そして、ついにコックリさん降臨。少女二人が取り憑かれ、ドリフのお化け屋敷コントの如く、逃げる工藤たちの行く手に突如として瞬間移動して現れる。この辺り、例によってワンカットに見せて実はそうではないのだろうが、どこで切ってるのかは全然わからない。
そんな中、たまたま取材前夜にニンニクを大量に食ったためにニンニク臭かった工藤が難を逃れたことから、コックリさんはニンニクに弱い!とまたもやその場で考えたことを自信たっぷりに断言する工藤。ニンニクカプセルを一同に無理やり頬張らせて反撃に出る。しかし、これが本当に効くから笑う。ニンニクくさい息をひたすら吐きかけるという前代未聞の除霊シーンが展開!
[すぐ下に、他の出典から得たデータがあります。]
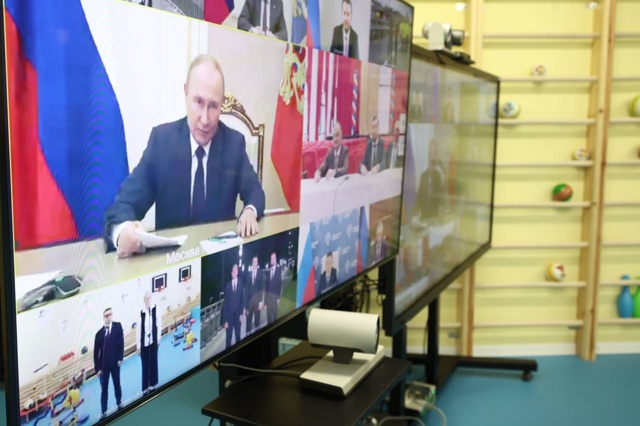 👏🔥ВЛАДИМИР ПУТИН ОТКРЫЛ НОВЫЙ ДЕТСКИЙ САД В КОПЕЙСК?...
二人が正気になったところで、工藤も参加して最終コックリさん。コックリさんも怒り心頭なのか、「ころ(す)」と意思表示しようとしたところ「喧嘩のルールはなあ、自分で作るんだよ!」という名言と共に工藤が強引に十円玉を「す」から「ん」に動かして「ころん、だってよ〜」と嘲笑。さらに「俺に取り憑いてみろ!」と挑発した結果、ついに自らコックリさんに取り憑かれた工藤だが、不屈の闘志で自分で自分をバットで殴り、出てきたところを金属バットでしとめようとあがく。と、ここに至って少女たちの一人から衝撃的な告白がなされ、事態は一転。新たな除霊アイテムも入手して、なんだかイイ感じのラストを迎えるのだった。
というわけでリスタートはうまいこと乗り切ったという感じ。あとは、このテンションを保ちつつ、いかに「コワすぎ!」シリーズとは違うものを提示できるかが勝負だろう。